Ian began working on embryo development in 1968, focusing on the kidney bean Phaseolus vulgaris and the scarlet runner bean P. coccineus because of their relatively large embryo, including the suspensor. In addition to demonstrating the existence of temporally regulated programmes that controlled patterns of gene expression and desiccation tolerance, these studies revealed that some aspects of embryo development – in particular, developmental arrest – were dispensable. This led to the idea that embryo development involves a series of overlapping, independently regulated programmes, rather than a linear series of dependent steps. His studies of the role of abscisic acid in embryo development demonstrated that it had both activating and repressive functions, and provided a completely new view of the activity of this plant hormone. The genetic analysis of embryo development in Arabidopsis thaliana performed in Ian's laboratory presaged the explosion of interest in this species as an experimental system. In addition to these studies of embryo development, Ian's lab resurrected the use of genetic mosaics as a tool for studying cell lineage patterns and for the analysis of cell and tissue interactions during morphogenesis. These studies provided a comprehensive, and sometimes unexpected, picture of the cellular processes of division and expansion that underlie organogenesis in plants.
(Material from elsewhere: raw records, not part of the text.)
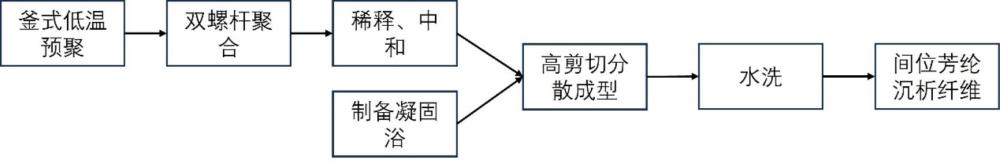 一種間位芳綸沉析纖維及其制備方法與流程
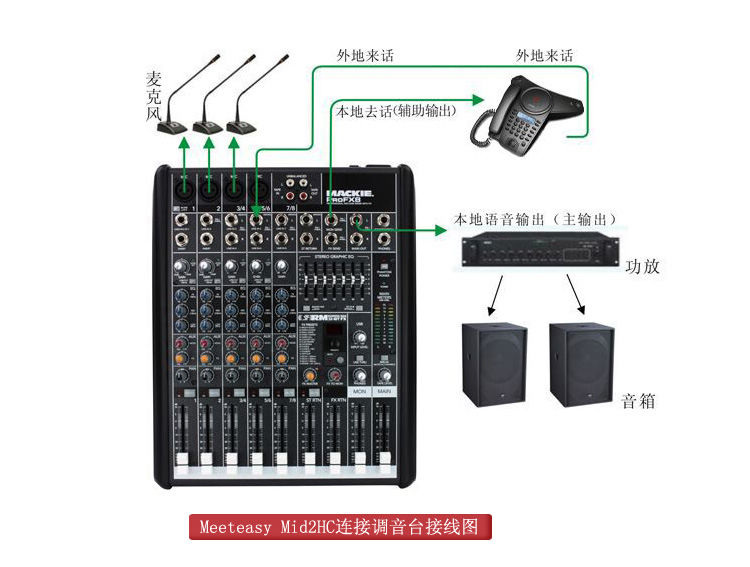 Meeteasy Mid2 hc会议电话截图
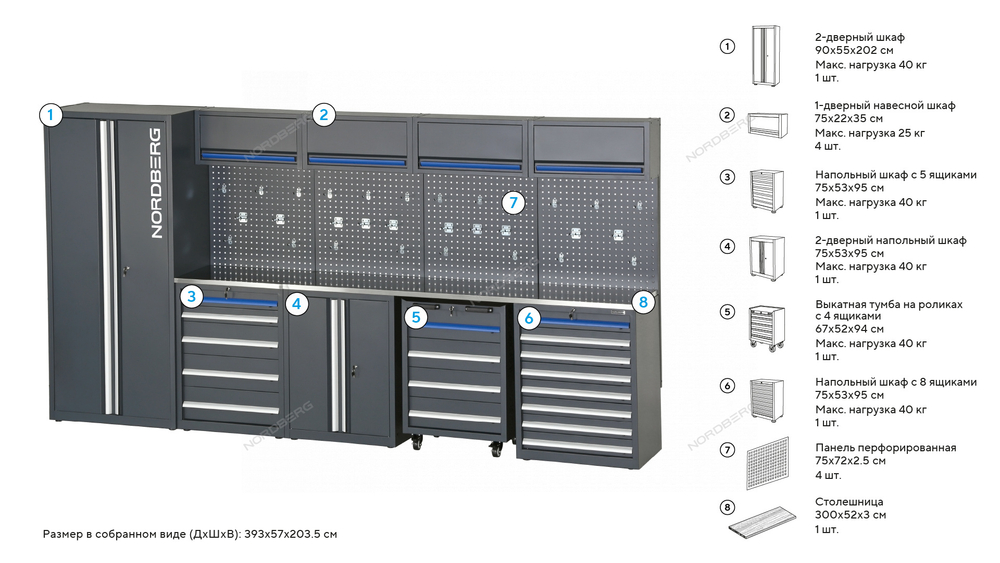 Набор мебели для мастерских NORDBERG TT116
Ian had a major hand in some of this work; in other cases, he was a supportive but largely uninvolved observer. However, none of these studies would have been performed had he not provided the intellectual environment in which independently minded junior scientists could flourish. His reward was not only new insights into the mysteries of plant development, but a generation of plant scientists who owe their success to his light touch and gentle encouragement, and their students, who have been the indirect beneficiaries of his intellect.
Some years ago, my wife and I were in Auckland, New Zealand, returning from a conference in Australia. I visited the library of the National Museum of New Zealand and asked to see the 1928 edition of the book The Trees of New Zealand by L. Cockayne, which includes descriptions of species that undergo vegetative phase change, a phenomenon for which the flora of New Zealand is famous. I sent Ian a postcard to tell him of my visit. Soon after we returned home, I got an email from Ian with a PDF attached. It was a scan of the title page of the 1928 edition of The Trees of New Zealand, which Ian had received in high school. On it was the inscription: ‘To Ian Sussex, for excellence in science’. What more can be said?
I am grateful to David Meinke, Ralph Quatrano and Virginia Walbot for their helpful comments on this essay.
The author declares no competing or financial interests.